# Lab 2 / Exercise 3 Analyzing Bokmässan Tweets

## Preparatory task for the laboratory
 
Before you get started with the lab, you need to familiarize yourself with the Jupyter environment.  Take a look at the `Lab 2` exercises 1 and 2:

- [Lab 2 / Exercise 1: Notebook_Basics](Lab2_Ex1_Notebook_Basics.ipynb)
- [Lab 2 / Exercise 2: Running Code](Lab2_Ex2_Running_Code.ipynb)

You do not need to understand any code to complete this lab. However, if you are interested in how the underlying code works you can check the lab Python package in the GitHub repository under the `somialabs` directory.
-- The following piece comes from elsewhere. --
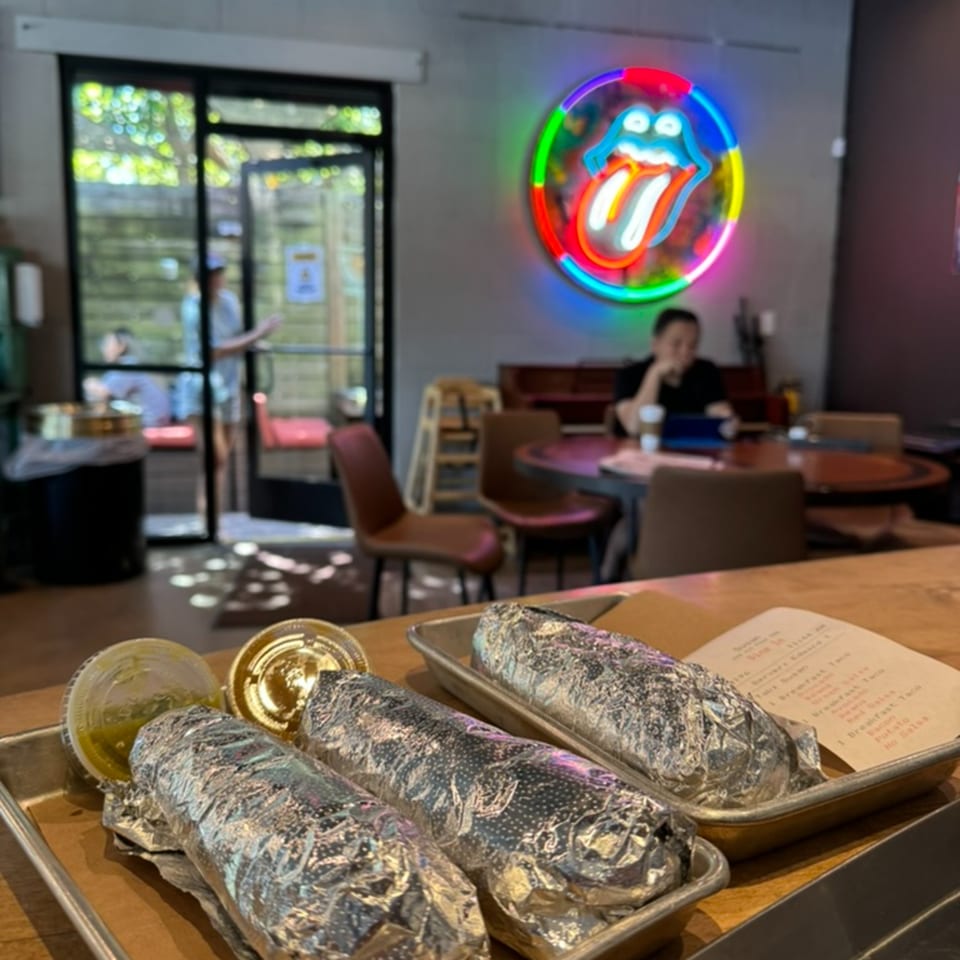 Foil-wrapped burritos and sauces on a tray, with a neon Rolling Stones sign and diner in the background.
To learn more detailed Python programming you can also study chapters 1-9 from the free online book [Python for Everybody](https://www.py4e.com/html3/). 

Once you are familiar with the Jupyter environment, we can now try out a simple analysis of Twitter data with a focus on data cleansing.

Before we get started, we need to load the relevant Python modules that us used in the code later by running the next code cell.

In [None]:
import somialabs.lab2
%matplotlib inline

To complete this lab:
1. Follow the instructions running the code when asked.
2. Discuss each question in your group.
3. Keep notes for your answers to the questions in a separate MS Word document (you can use [this template](Lab2_Ex3_answers_template.docx)).
4. When completed, submit your answers to Studentportalen under Lab 2: http://www.uu.se/goto/tedd015.

## Analysis of Twitter data from the book fair

You have been hired as consultants by a book publisher who wants you to find out which themes and books have generated attention on Twitter during the 2016 book fair in Gothenburg.

Your task is to find out if there is any topic that has been particularly hot on Twitter before the book fair and during the book fair and to present a proposal to the company on what themes seem to create debate. In this lab we focus on data preparation. In order to prepare data, it is important to understand data.

Often, the data to be analyzed must be cleansed before we can use it. Data cleansing can include tasks such as dealing with missing values or, as in our case, filtering out some parts of the raw text data. Data you have been provided with was collected from Twitter during the period May 2016 to September 2016 during the "Book Fair" event.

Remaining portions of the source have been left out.